6. Agir dès maintenant

La prima donna ne changera pas de comportement du jour au lendemain; cet exercice doit se répéter régulièrement; les engagements se prennent au fur et à mesure; les résultats viennent petit à petit.

Tout ça a l'air simplissime.

Mais, bien sûr, devant un tel programme, on peut se demander si il est bien necessaire de passer autant de temps et d'énergie avec ces prima donnas qui perturbent les autres.Nombreux sont ceux qui baissent les bras. Et parfois il faut savoir dire stop..mais en étant sûr que ce n'est pas la Callas qu'on assassine.

Et là, on revient au sujet du début : est-ce que l'on veut diriger la Scala de Milan, et proposer à nos clients les sopranos les plus talentueuses, parfois difficiles, mais que l'on s'efforce de gérer et de faire grandir au mieux des intérêts de la communauté, en développant des qualités de leadership et de management adaptées et de haute qualité (et à condition que cela soit vraiment profitable pour le public, les clients, les actionnaires), ou bien est-ce que l'on se contente d'une troupe de chanteurs corrects, qui ne posent pas de problèmes, et qui enchantent les publics de Clochemerle-sur-Oise...?

En fait la question, c'est aussi celle de l'ambition du dirigeant, du manager. Difficile en tous cas, d'imaginer que c'est en ayant des gens autour de soi faciles à manager, au point d'en être serviles et dociles, qui obéissent aux habitudes, appliquent les instructions sans discussion, et ne forcent pas leur talent, que l'on fera de son entreprise un leader de l'excellence et de l'innovation. Il faut aussi s'entourer de quelques prima donnas, mais qui restent dans des comportements acceptables et conformes aux valeurs de la collectivité. Et c'est là toute la difficulté..

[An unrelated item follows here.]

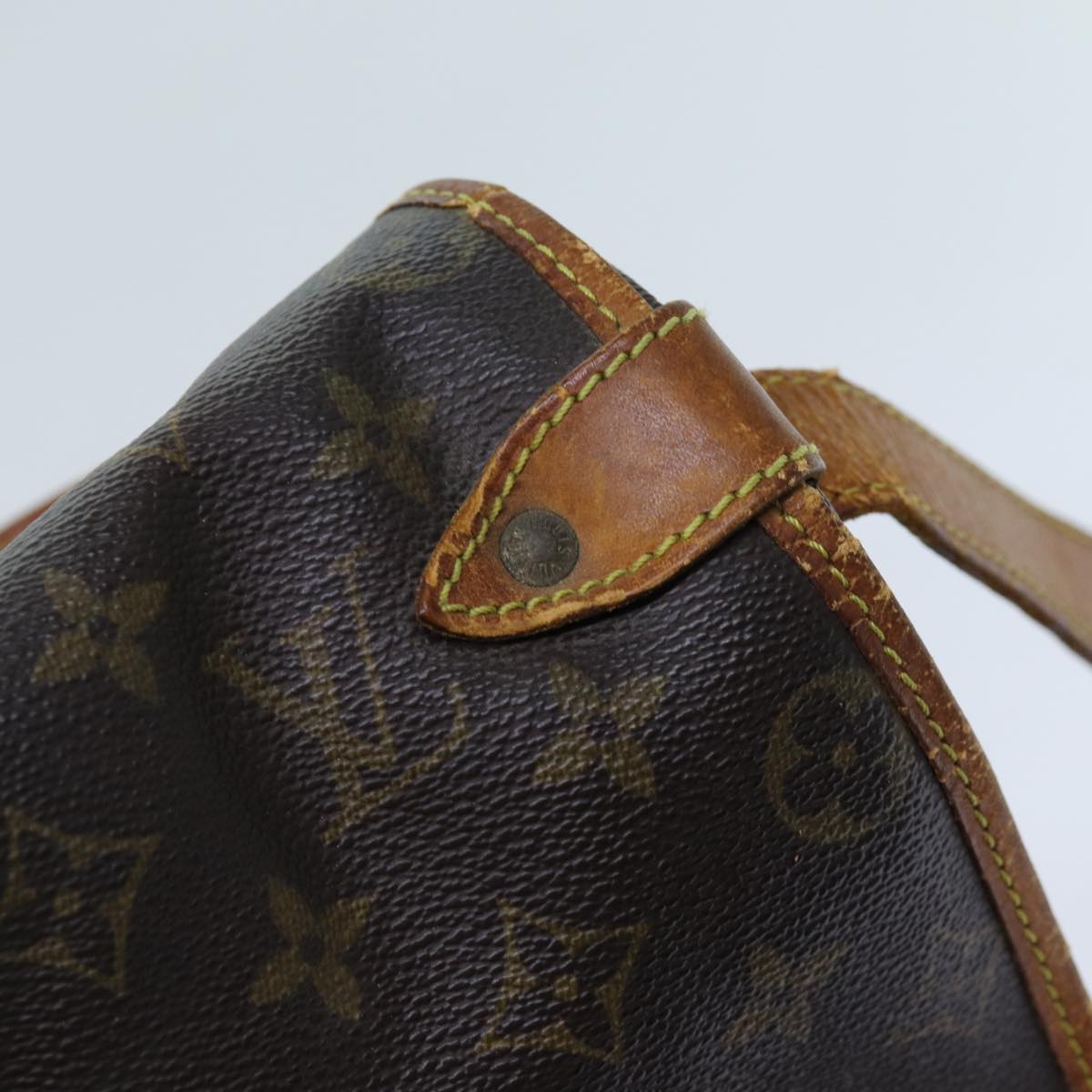 LOUIS VUITTON Monogram Saumur 35 Shoulder Bag M42254 LV Auth 70072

David Maister nous suggère de bien peser cette décision, et ce casting,  et de ne pas risquer de compromettre tout l'opéra, et toute la saison, et toute l'entreprise, pour un caprice innaceptable de prima donna. C'est encore, comme toujours, une histoire de courage.

Mais n'oublions pas non plus que les prima donnas n'accordent pas leur confiance et leurs talents à n'importe qui;L'histoire est à deux sens. Maria Callas, à la scala de milan, en 1954-55, a ébloui son public, et était dirigée par ...Visconti.

Lorsqu'elle a fait du cinéma, une seule fois, en 1969, et sans chanter, c'était pour ...Pasolini, avec Médée. Et le résultat est extraordinaire.

Au point de croire parfois que les meilleures prima donnas ne sont bien dirigées que par ceux qui sont un peu  prima donnas eux-mêmes.

Les conseils de mise en scène et de gestion de David Maister sont utiles, mais non suffisants.

Il faut aussi savoir appliquer les attentes d'exigence envers les collaborateurs, les prima donnas et les autres, à soi-même. Il faut réussir à  déployer plus que des recettes ou des bonnes pratiques, une vision, et faire en sorte que  les collaborateurs aient envie de suivre avec enthousiasme leurs leaders. Et tout ça n'est pas si simple...

Mais, si l'on y parvient, peut être pourra-t-on conduire l'entreprise, chacun à son niveau, avec le même talent et les mêmes résultats que quand Visconti dirigeait Maria Callas..

Commentaires

Jean-Michel Demaison

Vous écrivez "Certains disent que tous les consultants sont des prima donnas". Disons plutôt que le bon consultant se doit d'être capable de faire le grand écart. En comité face à une équipe de dirigeants, un peu d'esbrouffe est attendu de la prestation - ce sont nos moments "prima donna" -. Le reste du temps, le consultant est souvent obligé d'exécuter, voire de décider à la place du client.

Prima donna, oui mais pas seulement. Pourquoi ? Manque d'effectifs, absence de connaissances techniques ou désengagement dans l'entreprise (que vous décrivez très bien dans votre dernier billet).